Ученый, предприниматель, общественный деятель, благотворитель
Журнал «Социум» №30-31. 1993 год

Наше бытие как карнавал (заметки культуролога)

Маскарад... Разверзся праздник, ритуальный хаос. Автор рисунка: О. Бердслей
Маскарад... Разверзся праздник, ритуальный хаос. Автор рисунка: О. Бердслей

Один из универсальных законов организации человеческого общества – периодические, обычно ежегодные, праздники, во время которых общество и весь мир ввергаются в состояние хаоса, чтобы затем вновь восстановился космический порядок. Схема перехода Космос – Хаос – Космос так или иначе присутствует в любом обществе, проявляя себя в самых разных сферах человеческой культуры – от древних театрализованных ритуалов до современных народных бунтов и революций.
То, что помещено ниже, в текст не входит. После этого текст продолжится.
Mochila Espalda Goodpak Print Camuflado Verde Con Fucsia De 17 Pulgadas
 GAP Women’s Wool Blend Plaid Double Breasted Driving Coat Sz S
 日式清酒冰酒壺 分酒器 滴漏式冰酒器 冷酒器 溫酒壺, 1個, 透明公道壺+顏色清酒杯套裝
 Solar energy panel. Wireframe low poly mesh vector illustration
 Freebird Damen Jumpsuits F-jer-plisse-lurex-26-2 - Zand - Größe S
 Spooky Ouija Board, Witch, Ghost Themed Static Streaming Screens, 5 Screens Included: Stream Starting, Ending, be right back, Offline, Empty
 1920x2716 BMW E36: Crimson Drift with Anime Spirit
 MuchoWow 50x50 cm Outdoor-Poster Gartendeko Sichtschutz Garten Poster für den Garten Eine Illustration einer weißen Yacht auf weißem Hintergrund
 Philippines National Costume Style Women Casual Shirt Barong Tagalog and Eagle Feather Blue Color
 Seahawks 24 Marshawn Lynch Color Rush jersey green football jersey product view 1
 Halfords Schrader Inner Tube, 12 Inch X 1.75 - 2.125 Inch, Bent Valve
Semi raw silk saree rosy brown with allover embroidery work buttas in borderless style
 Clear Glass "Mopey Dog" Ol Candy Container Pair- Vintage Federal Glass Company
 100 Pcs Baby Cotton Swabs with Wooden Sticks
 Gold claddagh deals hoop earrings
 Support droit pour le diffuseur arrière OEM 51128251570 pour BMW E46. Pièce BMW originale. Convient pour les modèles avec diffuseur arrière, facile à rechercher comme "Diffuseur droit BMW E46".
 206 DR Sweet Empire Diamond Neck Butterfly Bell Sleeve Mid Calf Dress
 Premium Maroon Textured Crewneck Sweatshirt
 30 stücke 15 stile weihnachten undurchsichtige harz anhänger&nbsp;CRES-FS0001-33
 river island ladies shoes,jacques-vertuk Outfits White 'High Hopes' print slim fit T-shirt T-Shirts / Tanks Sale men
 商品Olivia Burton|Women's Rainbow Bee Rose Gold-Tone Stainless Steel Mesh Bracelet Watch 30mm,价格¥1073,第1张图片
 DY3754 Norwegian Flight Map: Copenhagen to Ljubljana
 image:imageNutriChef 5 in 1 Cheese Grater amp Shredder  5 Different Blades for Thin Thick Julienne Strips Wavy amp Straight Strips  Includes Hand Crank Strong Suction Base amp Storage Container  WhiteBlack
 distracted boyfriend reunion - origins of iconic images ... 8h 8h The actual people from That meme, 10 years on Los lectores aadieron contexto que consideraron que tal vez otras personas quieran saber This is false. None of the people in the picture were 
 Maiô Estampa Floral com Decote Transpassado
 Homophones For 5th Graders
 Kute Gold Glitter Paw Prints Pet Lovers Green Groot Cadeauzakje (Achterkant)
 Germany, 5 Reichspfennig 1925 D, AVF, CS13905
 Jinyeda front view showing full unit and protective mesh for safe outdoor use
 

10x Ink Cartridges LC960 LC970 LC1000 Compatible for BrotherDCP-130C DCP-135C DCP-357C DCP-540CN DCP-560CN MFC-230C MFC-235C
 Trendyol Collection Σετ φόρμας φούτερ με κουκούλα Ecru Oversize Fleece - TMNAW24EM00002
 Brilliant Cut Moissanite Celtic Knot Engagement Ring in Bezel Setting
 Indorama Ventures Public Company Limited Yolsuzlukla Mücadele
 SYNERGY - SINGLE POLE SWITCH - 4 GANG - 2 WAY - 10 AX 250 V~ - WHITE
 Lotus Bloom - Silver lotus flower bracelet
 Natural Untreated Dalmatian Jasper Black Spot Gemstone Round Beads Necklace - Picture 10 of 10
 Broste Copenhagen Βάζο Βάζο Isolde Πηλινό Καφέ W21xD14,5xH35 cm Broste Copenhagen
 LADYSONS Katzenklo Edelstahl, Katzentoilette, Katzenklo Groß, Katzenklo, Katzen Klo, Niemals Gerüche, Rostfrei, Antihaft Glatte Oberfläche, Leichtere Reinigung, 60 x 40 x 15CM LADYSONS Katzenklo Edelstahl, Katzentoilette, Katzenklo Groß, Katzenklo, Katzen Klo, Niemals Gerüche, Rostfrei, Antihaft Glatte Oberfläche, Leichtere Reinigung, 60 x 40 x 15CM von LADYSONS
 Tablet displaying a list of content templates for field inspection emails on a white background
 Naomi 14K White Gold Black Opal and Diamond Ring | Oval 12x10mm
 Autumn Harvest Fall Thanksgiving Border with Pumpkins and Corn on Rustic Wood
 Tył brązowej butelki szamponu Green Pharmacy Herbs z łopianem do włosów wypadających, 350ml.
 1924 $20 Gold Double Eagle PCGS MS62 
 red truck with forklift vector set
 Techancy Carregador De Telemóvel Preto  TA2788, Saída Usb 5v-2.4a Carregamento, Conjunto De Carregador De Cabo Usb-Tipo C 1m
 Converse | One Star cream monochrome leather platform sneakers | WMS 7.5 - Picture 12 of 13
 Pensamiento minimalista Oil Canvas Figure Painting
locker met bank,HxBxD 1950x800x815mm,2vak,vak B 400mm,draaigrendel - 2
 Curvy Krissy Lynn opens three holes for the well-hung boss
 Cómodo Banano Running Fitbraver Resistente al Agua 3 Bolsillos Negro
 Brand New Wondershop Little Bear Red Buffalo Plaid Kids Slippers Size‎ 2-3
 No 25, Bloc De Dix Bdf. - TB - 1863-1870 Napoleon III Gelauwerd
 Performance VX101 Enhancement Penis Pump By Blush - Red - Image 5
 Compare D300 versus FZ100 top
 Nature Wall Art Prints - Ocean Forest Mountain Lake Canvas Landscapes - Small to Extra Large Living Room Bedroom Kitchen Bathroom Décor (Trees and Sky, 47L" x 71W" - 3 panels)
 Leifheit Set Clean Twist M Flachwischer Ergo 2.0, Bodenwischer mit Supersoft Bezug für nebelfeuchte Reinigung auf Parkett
Один из главных символов, посредством которого наиболее зримо осуществляется ритуальный переход Космос – Хаос – Космос, есть Царь, первый человек. Именно царь, отец, первый ритуально (а порой и на самом деле) развенчивается, меняется местами с шутом, сыном. С последним, чтобы к концу ритуала вновь водвориться (самому или рождённому из ритуала преемнику) на трон. Яркий пример таких иерархических перемещений, как показал М. Бахтин, являет собой средневековый карнавал.

Подобная архетипическая схема, как мы попытаемся показать ниже, способна даже управлять историей или по крайней мере вносить в неё коррективы. Итак, во время праздника карнавального типа Царь-отец, мудрейший, меняется местами с Сыном-дураком. Пройдя через такие очистительные обряды (как бы очистившись смехом – недаром смех занимает важное место в карнавальных действах), Царь-отец становится ещё более могущественным и мудрым, а стоящее за ним общество – более жизнестойким.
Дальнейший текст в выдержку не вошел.